Richard Smith, oil on canvas, 7 parts, signed and dated -79 on label verso.
"Blue Arch".
7 parts, canvas attached to metal rods and string. Numbers 1 and 7 about 180 x 195 cm, numbers 2 and 6 about 165 x 165, numbers 5 and 3 about 145 x 145, numbers 4 about 122 x 122 cm.
A string is loose where the canvas is attached to the metall tubes with strings. The canvas is a bit loose in some parts. A few pressure marks on the canvas from the metal tubes from behind. The canvases appears to be sun bleached. There is no holes in the canvas or any other damages to report.
Tres Hombres Art, Halmstad.
The British artist Richard Smith (1931-2016) is best known for his many works in which he explored and experimented with the form and material of a painting, and mostley the canvas.

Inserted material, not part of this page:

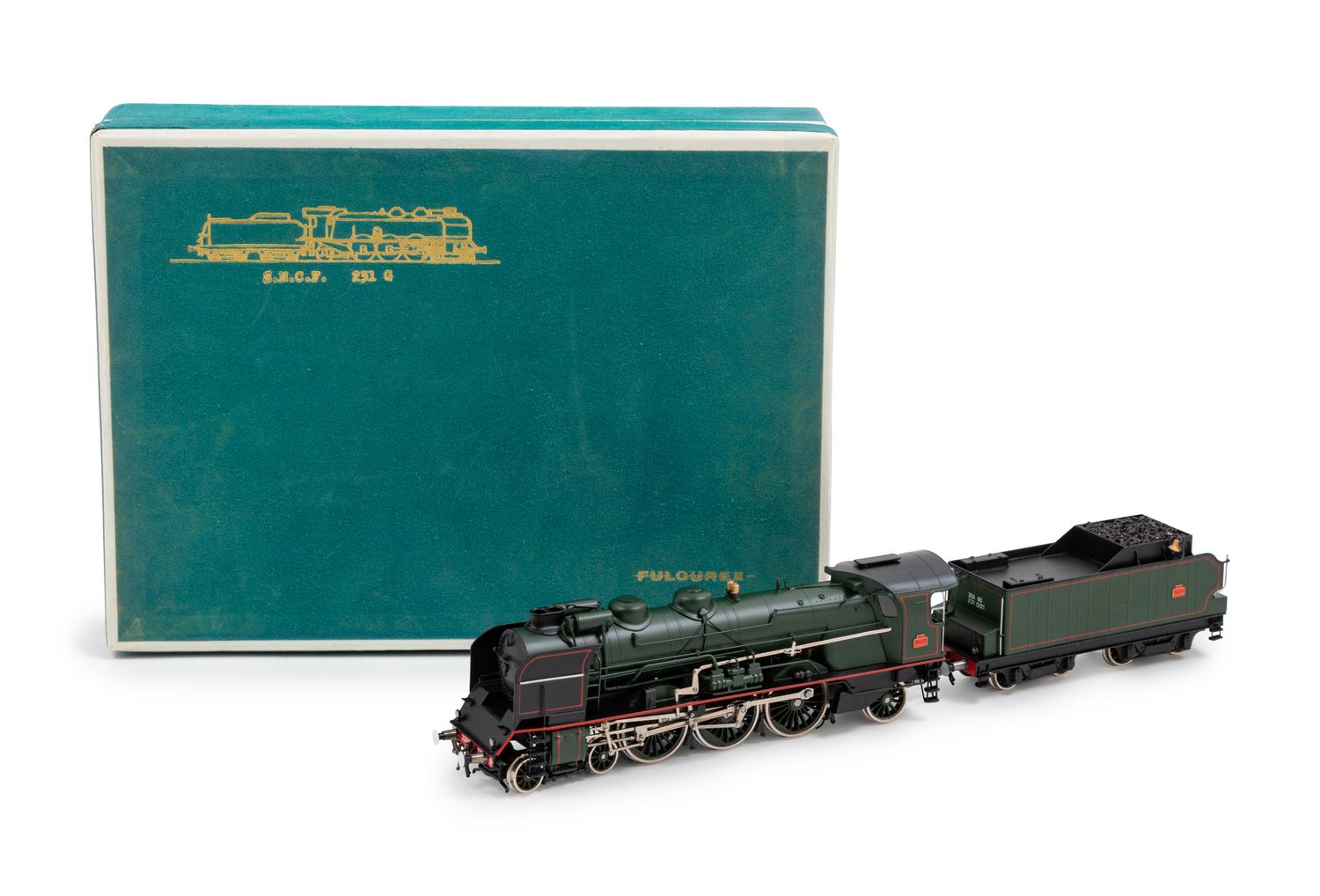A Factory Boxed Fulgurex Polychrome HO-Gauge S.N.C.F: 231G 4-6-2 Locomotive and Tender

Smith broke through at the beginning of the 1970s, among other things he represented Great Britain at the Venice Biennale in 1970. Already in 1975, the Tate Gallery showed a large retrospective of his work, "Seven Exhibitions 1961-75". His sculptural canvases in non-traditional forms were right at the time when European postmodernism was emerging. Smith was one of the leading figures within this genre but also within Pop Art, two directions which he managed to merge in a unique way. Pop art's fascination with popular culture and mass media can be seen, among other things, in the motifs and titles he gave his three-dimensional abstract paintings. Richard Smith started creating his so-called "Kite Paintings" in 1972, when his works became monumental and consisted of loose canvases that were joined together with the help of ropes and strings. In 1976 he traveled from Europe to New York and became part of the vital and experimental art life there. Smith is represented in a large number of institutions worldwide, including the Museum of Modern Art in New York, the Tate Modern in London, the Victoria and Albert Museum, London and the Whitney Museum of American Art, New York.